Does anybody here own a Stihl 880? I'm contemplating getting an 880 and a milling attachment for it for doing those really big logs, I've past up so many monster logs just because they are way too big to deal with and mill, just today my fathers friend has 2 walnut trees that are 50" plus and about 40" at 12', both the trees will be easy to drop since they've topped themselves in storm damage, but I have to pass on them since I can't haul logs that big and I have no way to mill them, I'm really thinking about getting one in the near future, I want big honkin slabs! Plus in slab form they are much easier to handle and haul!


----------



## DKMD (Apr 26, 2013)

Jim, my local aborist buddy has an 880... He's registered here as okietreedude, so you could send him a PM if you have any questions.


----------



## Kevin (Apr 26, 2013)

You do better to look for a used 088 or even 084 first. In Husky look for used 394/5 (but you won't find one. 394/5 owners rarely sell them). If you can't find a used one and need to buy a new saw, buy a new 395XP. From the 395 up to the 3120 or 880 isn't worth the weight and a ported 395 will kick everyone's ass pound for pound. The new 880's are not popular saws even with Stihl fans for a reason. Better yet look for an old 090. You won't find one probably but look anyway. :-)
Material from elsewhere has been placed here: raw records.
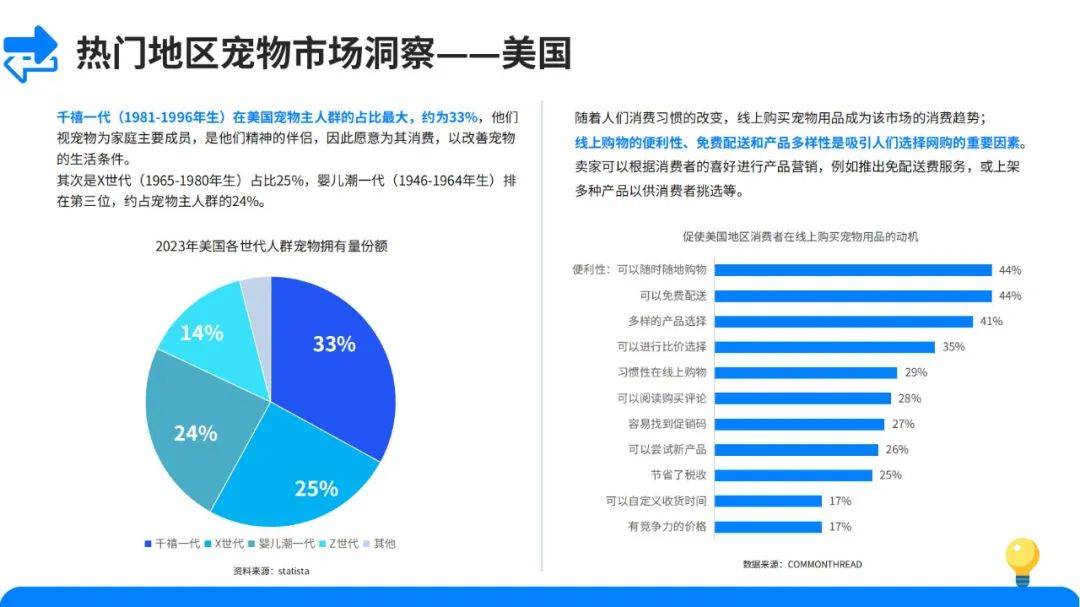 宠物经济的繁荣与养宠理念的进阶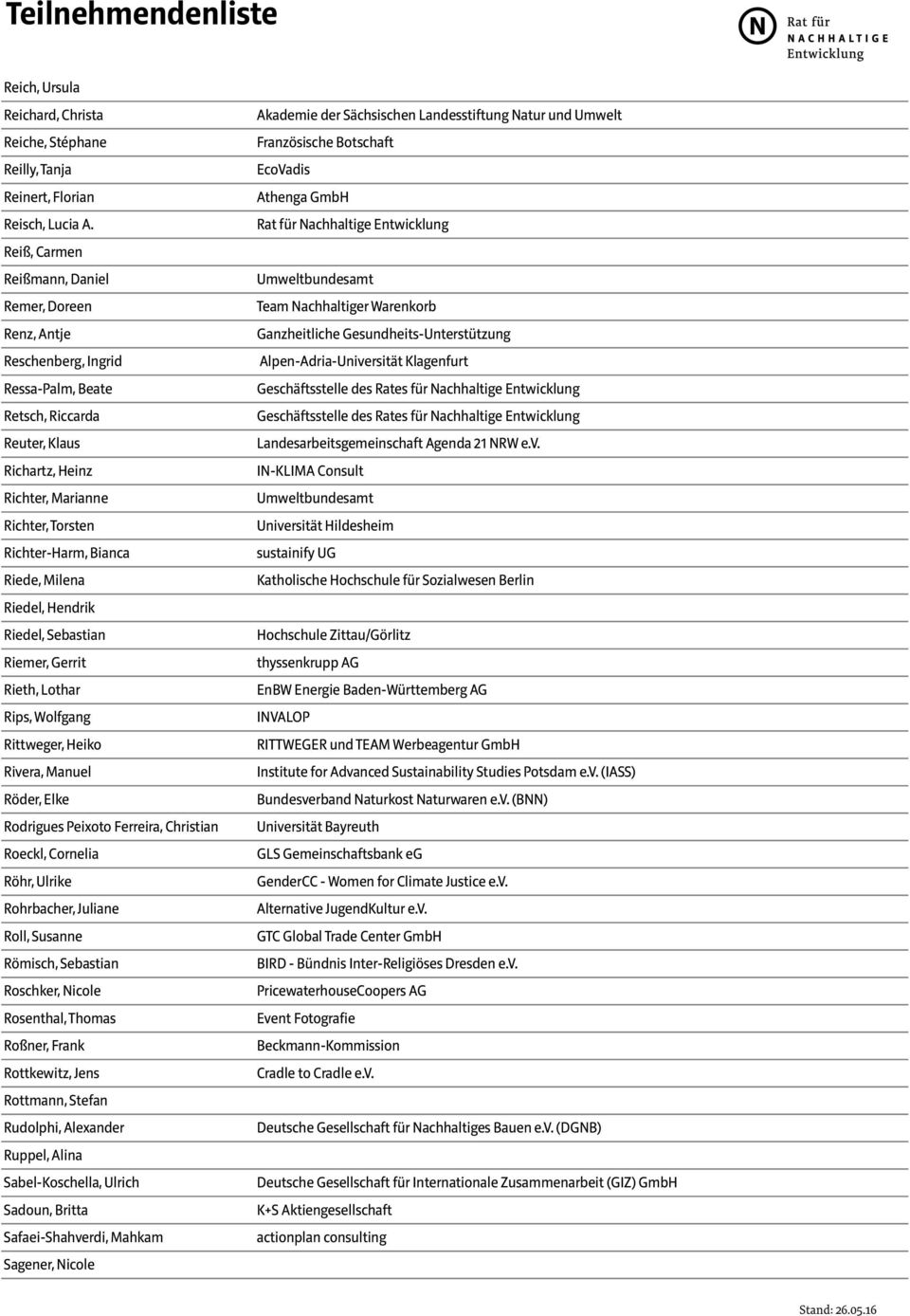 Retsch, Riccarda Reuter, Klaus Landesarbeitsgemeinschaft Agenda 21 NRW e.v.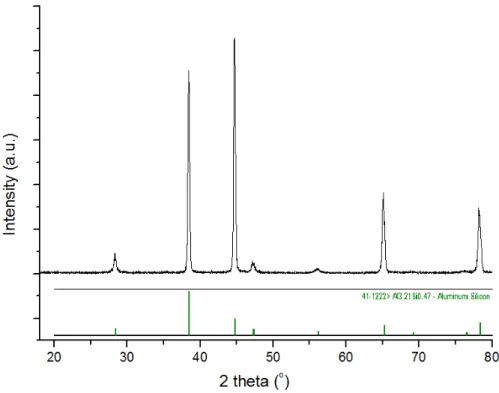 Figure 2. X-ray spectrum of foam. 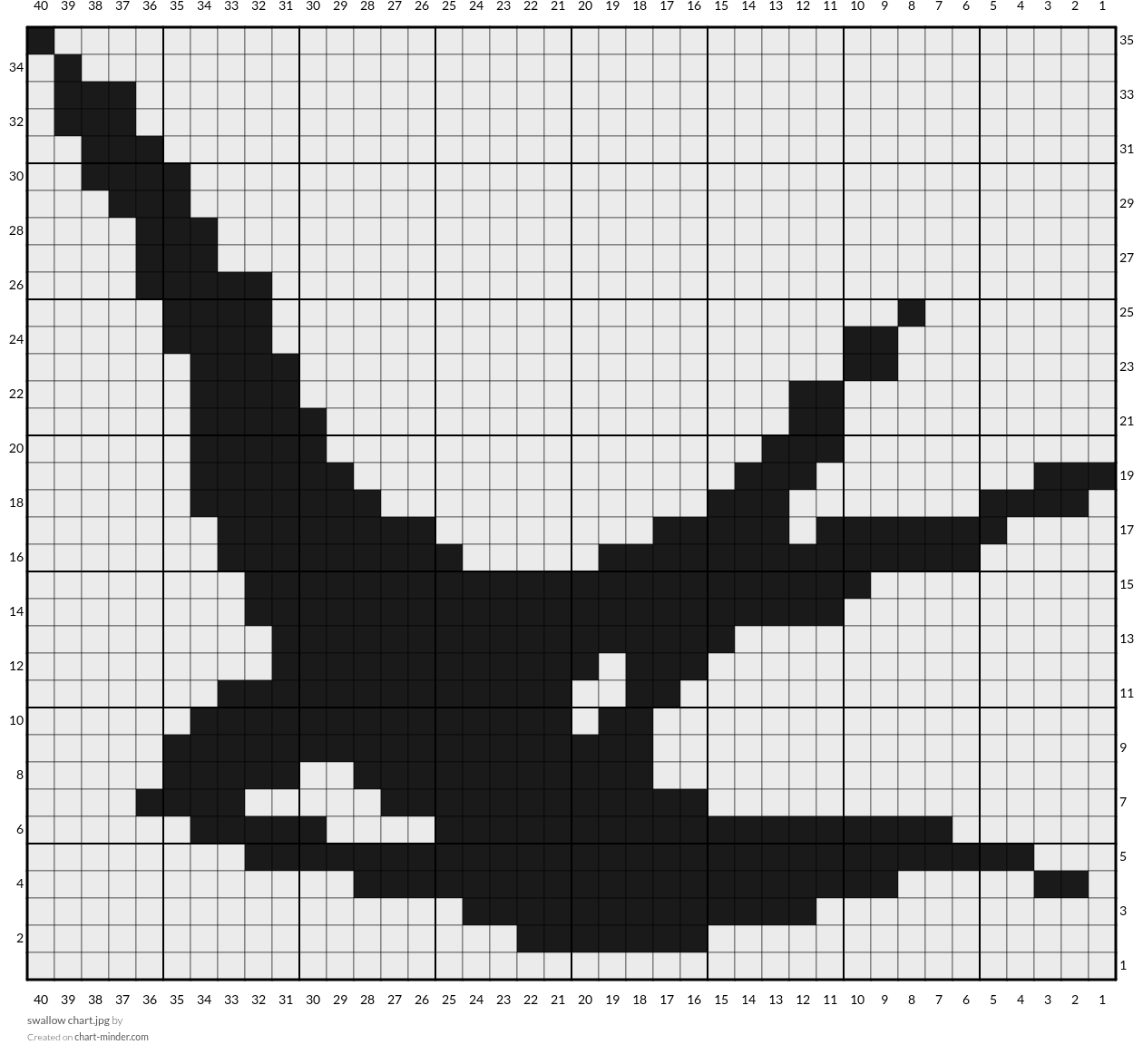 swallow chart.jpg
Please do not buy a saw based on brand alone. It doesn't take a lot of deep thinking to realize how silly that is. All saw manufacturers that make professional grade saw have models that are good, great, and some lousy. You really should base your decision on the intended use, and then select the cc range you want, and then see if that fits in your price range. Once you zero in on that criteria THEN, start looking at the individual models in that cc range and try to buy the model that you believe is the best. Don't let the whole ford vs chevy mentality bog you down. You have a brain - use it.


----------



## jimmyjames (Apr 26, 2013)

I would love to have an old 090 but I would like to buy something new with a warranty, I have bought a lot of used stuff in the past and some lasted and some didn't, basically a crap shoot especially with used chainsaws, most used homeowners saws are trash just because they don't take care of them, the bigger saws you would think they would take care of them but the local used saws I have looked at were beat up and all had clutch and brake problems and who knows how much wear is in the cylinder... and getting opinions on the 880 versus the 3120 is a challenge since most people don't own both saws to compare them side by side , I have a lot of homework to do on these, I've price out both saws and with a 42" bar both are around $1,800. I need to price them with bigger bars since purchasing large bars desperately is way more expensive then getting it with the saw and then buying a smaller bar.

Reactions: Informative 1


----------



## jimmyjames (Apr 26, 2013)

Tomorrow I'm going to go play with my sawmill guys 880, it has a 36" bar on it and I will see how it feels, I have seen a 3120 in action at the walnut log company, they use it for bucking logs in the yard before milling and sports what I think is a 42" bar or so. Still a lot of homework to do.....


----------



## HomeBody (May 1, 2013)

There's a guy on the Woodworking forum named Jason Fore that mills huge slabs. He has an Alaskan (I think, or homemade?) with 2 heads. You'd need another person but it looks like you wouldn't have much limit as to size. Here's pics of Fore milling and a walnut crotch with his rig. Gary
[attachment=24148]
[attachment=24149]


----------



## jimmyjames (May 1, 2013)

Dang for the money he has in 2 880's and the cs2 Alaskan mill he could have gotten a nice used band mill. But then again he wouldn't be able to slab 5'+ monsters


----------